So we'd have to get a paid for version to have a command line scanner? or is the quick-scan option available in the free one too? After looking on the website I think it might be too expensive to buy if I assume that we can't get away with it not checking how many times it's installed. When I next get time I'll have a play with it anyway. I might use it for home if nothing else.


----------



## Runefox (Feb 23, 2010)

> So we'd have to get a paid for version to have a command line scanner? or is the quick-scan option available in the free one too?

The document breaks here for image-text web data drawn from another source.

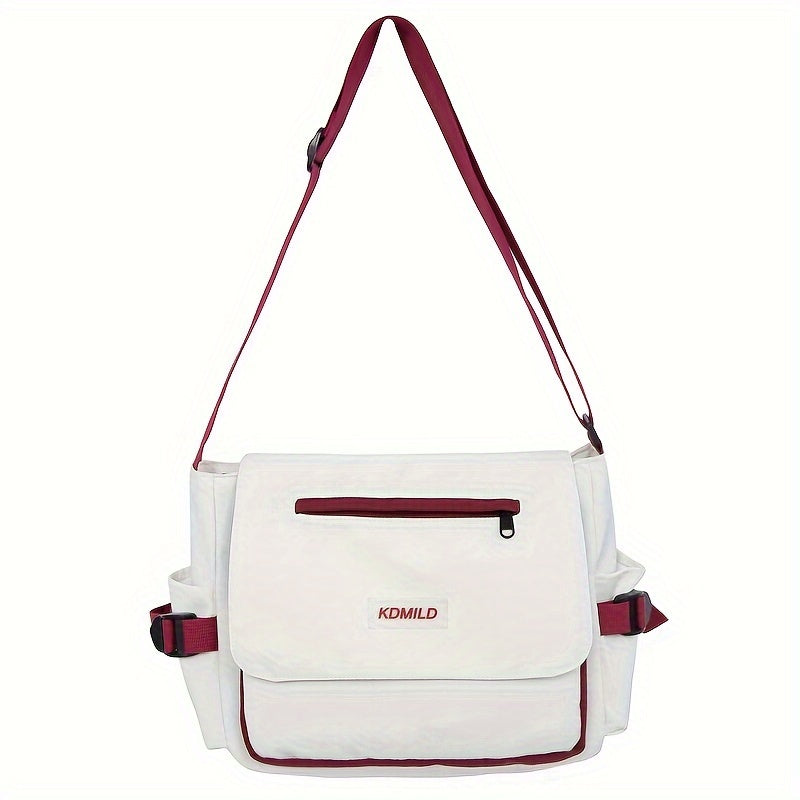 Men's Crossbody Bag – Polyester, Large Capacity, for Travel & Work | Bag Vero – detail view 17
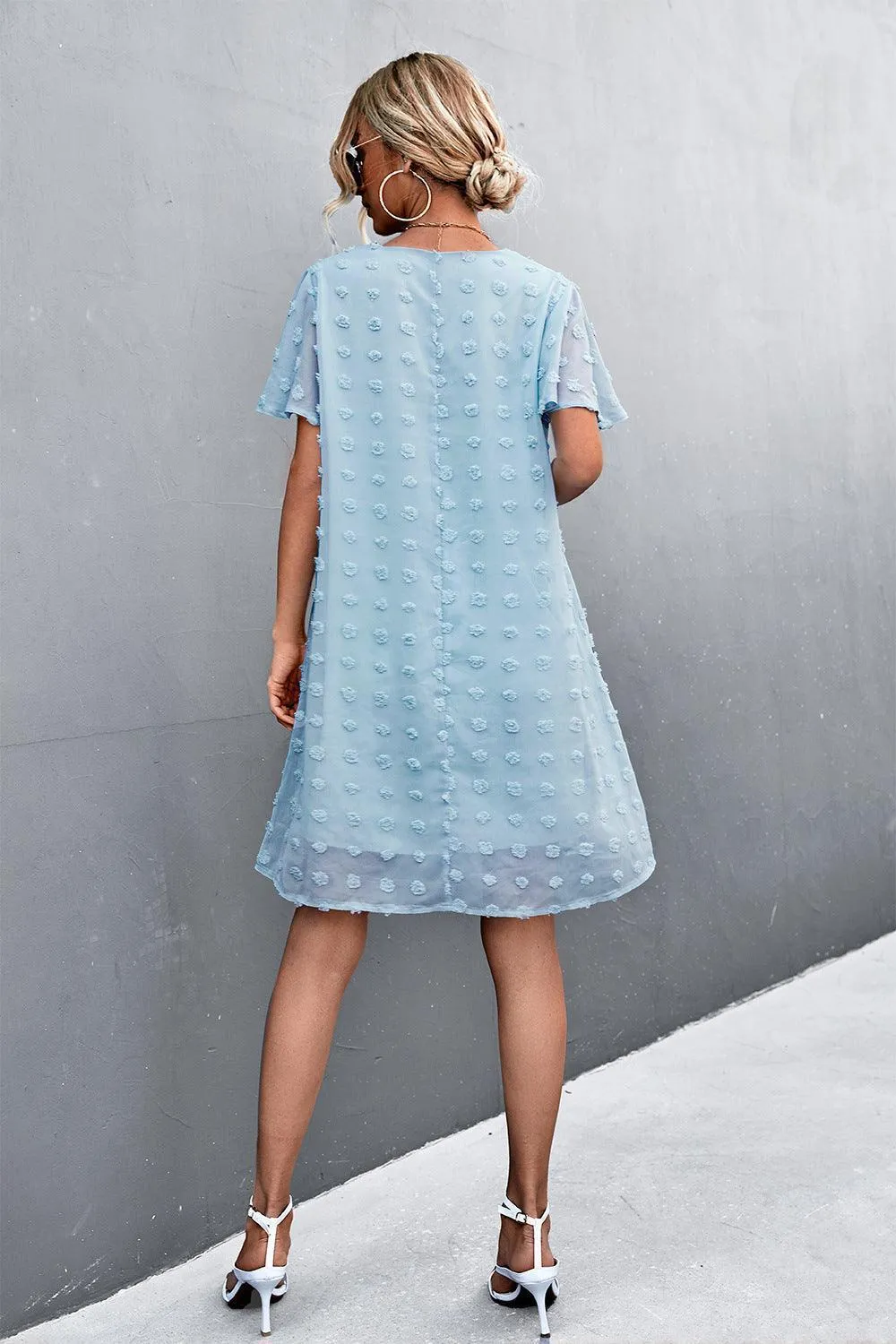 Focus of Attention Flutter Sleeve Mini Dress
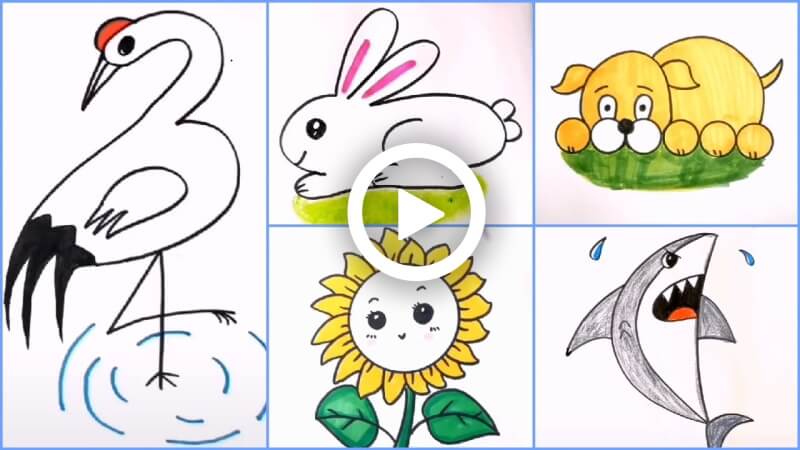 Easy Drawing Ideas for Kids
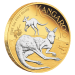 2 oz 2025 Australian Kangaroo Reverse Gilded Proof Silver Coin | Perth Mint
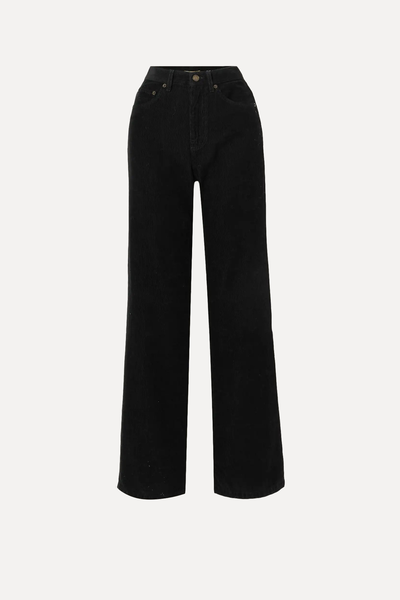 Cotton-Corduroy Straight-Leg Pants  from Saint Laurent 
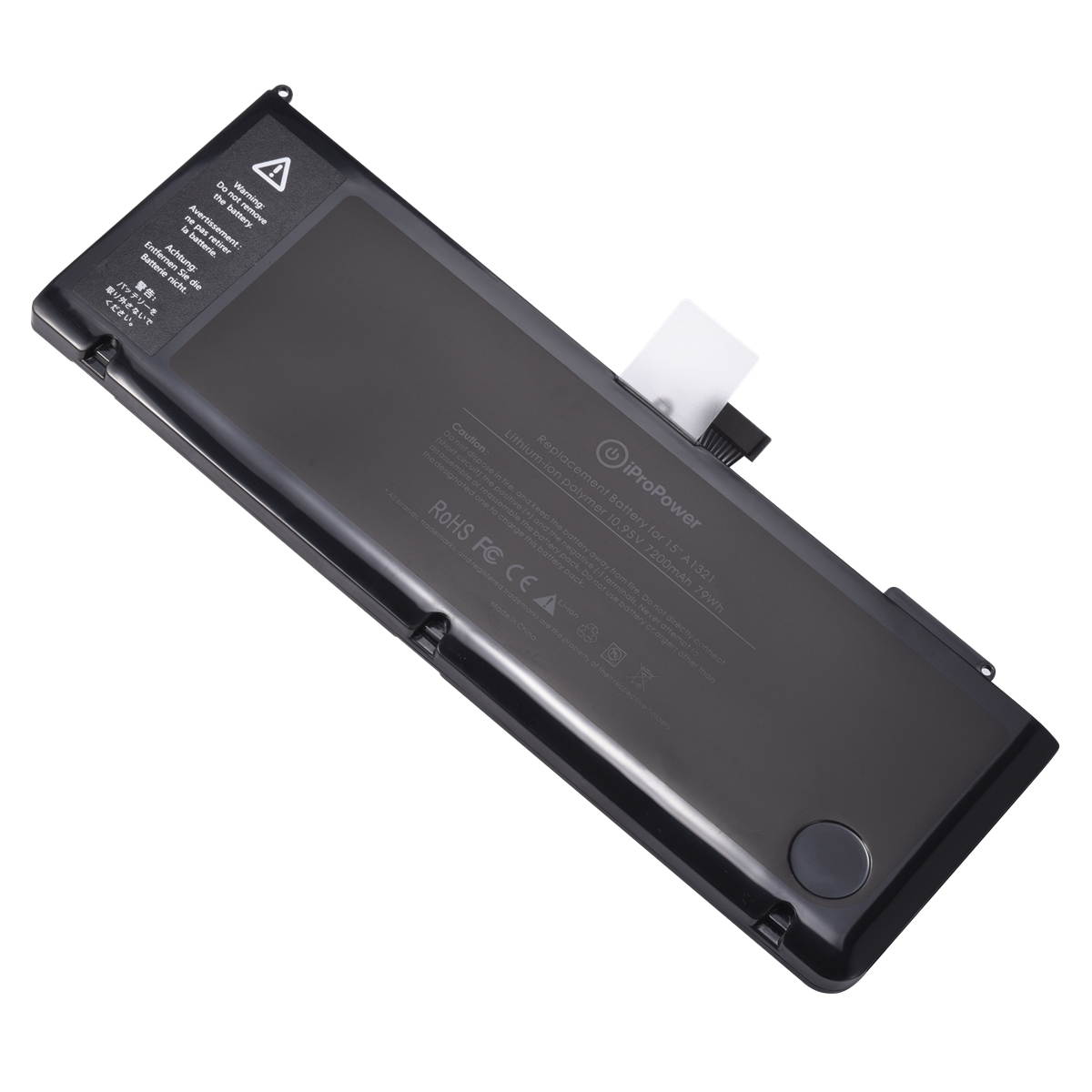 iProPower A1321 Battery for Apple MacBook Pro 15&rdquo; inch A1286 [Only 2009 2010 Version] 7200mAh High Capacity Replacement Battery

The quick-scan option (ashQuick) is available in the free version, only the command-line scanner (ashCmd) isn't, since it can be used to schedule scans, a Pro-only option. You can actually get by that by creating your own scripts to run ashQuick, and that's talked about at length in some topics on their own forums. At any rate, they use the same engine as the UI, and Avast! should still be accessible in Safe Mode to run if that's a concern.


----------



## Alvine33 (Feb 23, 2010)

Microsoft Security Essentials


----------



## SnowFox (Feb 23, 2010)

Runefox said:


> The quick-scan option (ashQuick) is available in the free version, only the command-line scanner (ashCmd) isn't, since it can be used to schedule scans, a Pro-only option. You can actually get by that by creating your own scripts to run ashQuick, and that's talked about at length in some topics on their own forums. At any rate, they use the same engine as the UI, and Avast! should still be accessible in Safe Mode to run if that's a concern.

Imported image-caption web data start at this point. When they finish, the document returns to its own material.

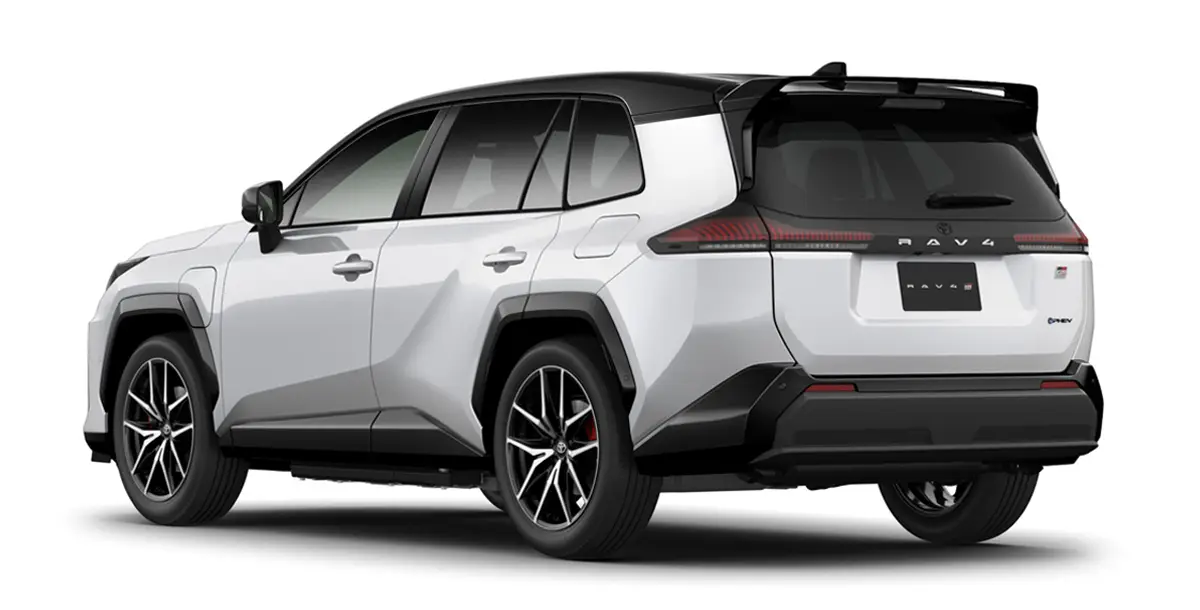 RAV4 PHEV GR SPORT リアビュー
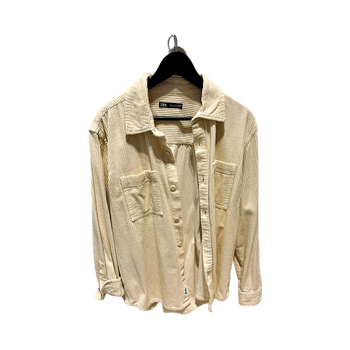 beige ribbed corduroy shirt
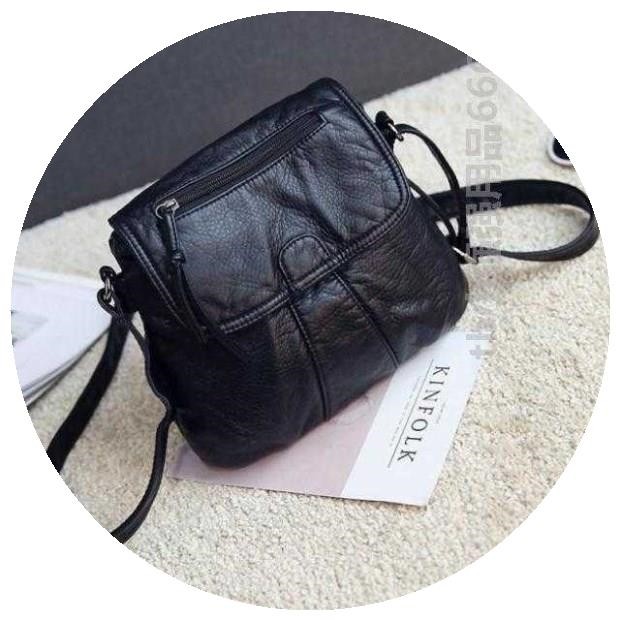 大一点的包包女方包斜挎包单肩包迷你小包包女士软皮百搭水洗包潮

Oh ok, the way I have it at the moment is running it in a batch script after running a backup at the end of the day since a lot of the computers are so old/messed up that they're barely usable if there's a scan running during the day.


----------



## Apoc666 (Feb 23, 2010)

I heard many wonderful things about AVG but mine never did any of those wonderful things, mainly because it was free and a shit copy.


----------



## Runefox (Feb 23, 2010)

Apoc666 said:


> I heard many wonderful things about AVG but mine never did any of those wonderful things, mainly because it was free and a shit copy.



Actually, the free version of AVG tends to be the one that most people are talking about - The paid-for version just tacks on things like a firewall and SPAM filter.


----------



## Ep1c_Pha1l (Feb 23, 2010)

Runefox said:


> Actually, the free version of AVG tends to be the one that most people are talking about - The paid-for version just tacks on things like a firewall and SPAM filter.



Avast free does so much more. I've never seen anyone except nod32 and G-data tackle Iframes in web pages. Makes you a lot more secure, even if avira detects 1.2 % more malware.

AVG is a fail program. LOW detection rates, bloat, no decent features.


----------



## Apoc666 (Feb 23, 2010)

The AVG I got was crap, Avast! did a better job


----------



## ToeClaws (Feb 23, 2010)

Runefox said:


> Very easily. You can also exclude solely from the real-time shield if you'd like, with fine-tuned controls over when to exclude.



Excellent - thanks.


----------



## Nollix (Feb 23, 2010)

Ep1c_Pha1l said:


> Well, I've gotten into cracking systems through social engineering (Keylogging/RAT's.) ...


You are a script kiddie. Stop it.


----------



## Runefox (Feb 23, 2010)

Nollix said:


> You are a script kiddie. Stop it.



Well, in his defense, you've gotta start somewhere, right? At least he wants to learn more and isn't claiming to be able to h4x0r j00 n00bz and GAT UR IP ADRUSS NAD BLOW UP UR MODAM


----------



## ArielMT (Feb 23, 2010)

Ep1c_Pha1l said:


> AVG is a fail program. LOW detection rates, bloat, no decent features.



Can you support these claims, please?


----------



## hitokage (Feb 24, 2010)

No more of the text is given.